Rakan sah auf, offenbar hatte er etwas gehört.

Ohne zu zögern sah er Luya an und kniete sich noch einmal vor sie, als ob er sie auffordern wollte auf seinen Arm zu kommen. Sie zögerte, schaute unsicher zu mir und ich nickte. Erst nachdem sie sich meine Bestätigung eingeholt hatte, ließ sie sich von Rakan hoch heben und wir liefen so schnell wir konnten zurück zu unserer Hütte die tief im Wald versteckt war. Wir sprangen über Bäche und durch Unterholz. Aus dem Augenwinkel konnte ich sehen, wie Sehr Luya sich an Rakan drückte. Sie vertraute ihm scheinbar ein wenig aber die Situation war ihr mehr Feind als Freund. Wenn Rakan auch nur einen Fehler machte, der sie Das Vertrauen zu ihm kostete, war es unmöglich dies wieder zurück zu erlangen. Bei normalen Lhotlan Vastaya Kindern war es nicht so schwer aber wenn man bedachte, das Luya über Jahre von uns getrennt war, sollte es kein Wunder sein. Unser Heim geriet in Sichtweite und als wir angekamen, ließ Rakan Luya runter und sagte ihr, sie solle mit mir schon alles ins Haus gehen. Ich kam kurz nach den beiden an, Luya nahm meine Hand und betrat mit mir die kleine aber gemütliche Hütte aus Holz und Stein.

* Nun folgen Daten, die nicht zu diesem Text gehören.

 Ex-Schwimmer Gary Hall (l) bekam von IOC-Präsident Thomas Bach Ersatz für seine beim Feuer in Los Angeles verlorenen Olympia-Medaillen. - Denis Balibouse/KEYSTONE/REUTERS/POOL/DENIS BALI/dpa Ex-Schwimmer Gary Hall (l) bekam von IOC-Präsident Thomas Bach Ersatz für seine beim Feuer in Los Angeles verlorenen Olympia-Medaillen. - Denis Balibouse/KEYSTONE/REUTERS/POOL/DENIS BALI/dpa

Sie war bloß mit dem nötigsten mobilisiert, jedoch reichte selbst das aus, denn mehr würde neben der Tatsache das es sonst überladen aussah nicht rein passen. Auf dem Tisch stand ein Blumenstrauß aus wildblumen in einer Vase. Rakan hatte mich heute morgen mit ihm überrascht als ich wach geworden bin. Heute vor genau zwanzig Jahren hatte Rakan mir seine Gefühle gestanden, das war kurz nachdem sich unsere Wege gekreuzt hatten. Seither waren wir nicht nur Weg Gefährten sondern Lebensgefährten, ein Pärchen könnte man es auch nennen und wenn ich heute noch einmal die chance hätte etwas am Geschehen zu ändern würde ich ablehnen denn ich bereue nichts so sehr in meinem leben das ich es ändern wollen würde wobei einige bei meiner Art mit Rakan teilweise umzuspringen denken, er sei der größte Fehler meines Lebens. Manchmal verfluchte ich ihn wirklich weil es Zeiten gibt in denen er unausstehlich ist aber das gibt es in jeder Beziehung, wieso also sollte unsere eine Ausnahme sein?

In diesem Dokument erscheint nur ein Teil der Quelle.